* _TASK OBJECTIVE_:
Each line below from the "台灣花布 陶瓷筷架1入組 台灣花布 陶瓷筷架1入組" line through the "Ornella Cream Boucle" line, those two included, must be restated word for word; the pictures must not be.

* _DATA PROVIDED_:
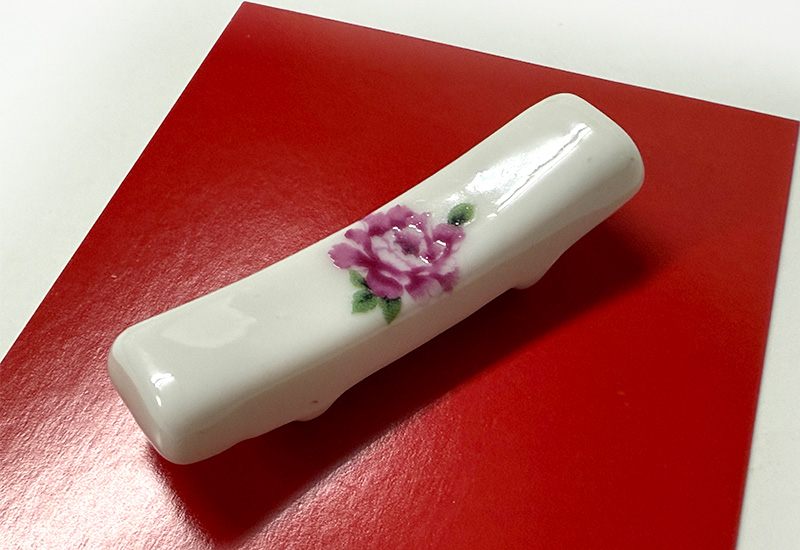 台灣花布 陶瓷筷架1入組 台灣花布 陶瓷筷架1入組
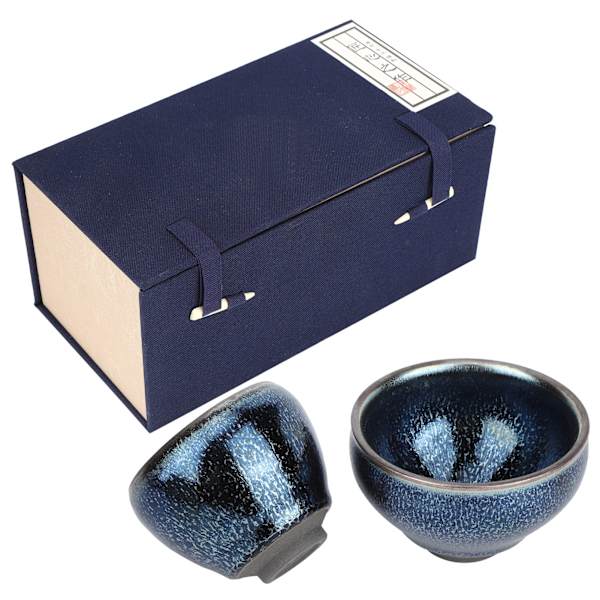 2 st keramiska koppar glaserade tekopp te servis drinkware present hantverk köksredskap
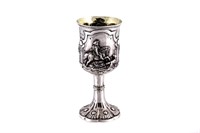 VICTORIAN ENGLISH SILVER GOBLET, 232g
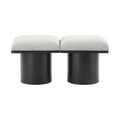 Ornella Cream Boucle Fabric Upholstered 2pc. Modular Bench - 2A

...

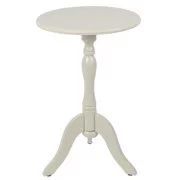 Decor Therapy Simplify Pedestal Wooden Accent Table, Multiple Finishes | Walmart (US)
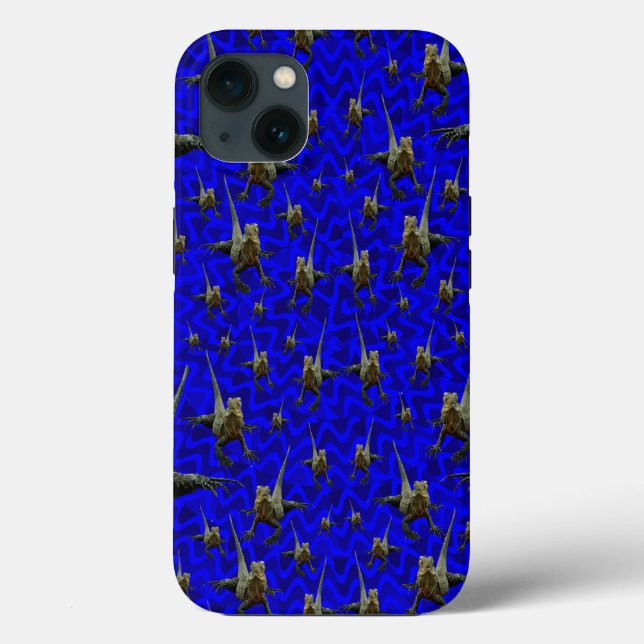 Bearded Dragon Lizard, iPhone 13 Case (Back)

* _RESULT OF THIS EXERCISE_:
 台灣花布 陶瓷筷架1入組 台灣花布 陶瓷筷架1入組
 2 st keramiska koppar glaserade tekopp te servis drinkware present hantverk köksredskap
 VICTORIAN ENGLISH SILVER GOBLET, 232g
 Ornella Cream Boucle Fabric Upholstered 2pc. Modular Bench - 2A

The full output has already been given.